- _Work instruction_: Write down the listing again exactly as it appears below, without its pictures.

- _Data extract_:
::::
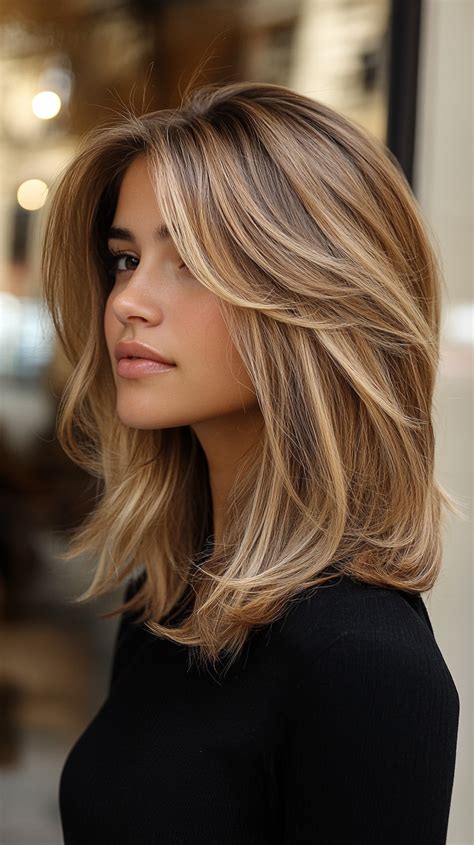 Hosszú lob balayage részletekkel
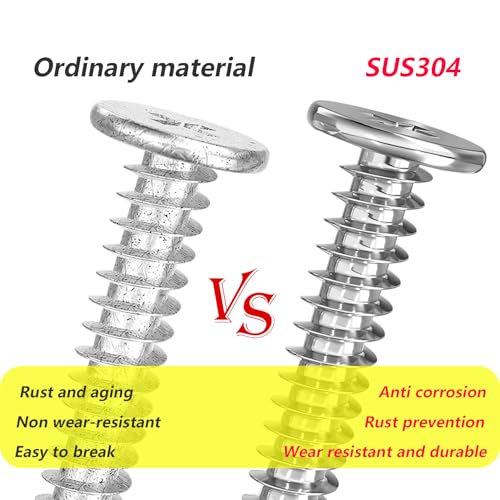 20 st. Dun zelftappende schroeven, kruiskop plat hoofd, 304 roestvrij staal, M6 x 20mm, houtschroeven voor reparaties 5
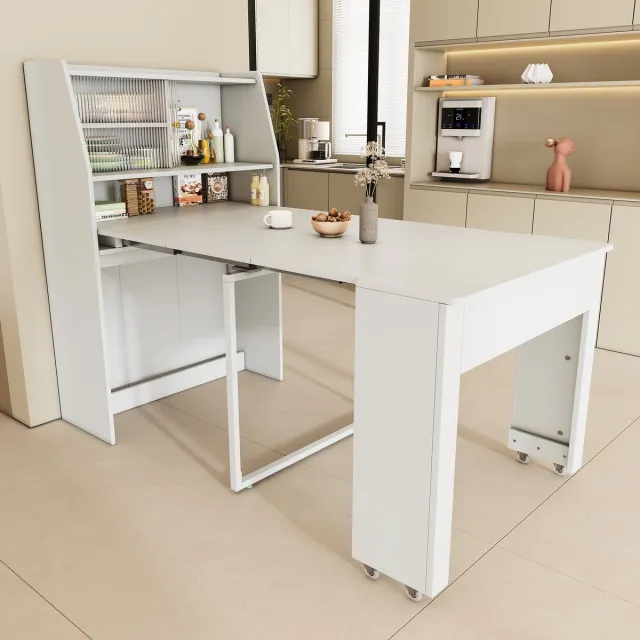 Gutent Eettafel, Telescopisch in één richting, met opbergruimte, Wit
::::
- _The answer_:
 Hosszú lob balayage részletekkel
 20 st. Dun zelftappende schroeven, kruiskop plat hoofd, 304 roestvrij staal, M6 x 20mm, houtschroeven voor reparaties 5
 Gutent Eettafel, Telescopisch in één richting, met opbergruimte, Wit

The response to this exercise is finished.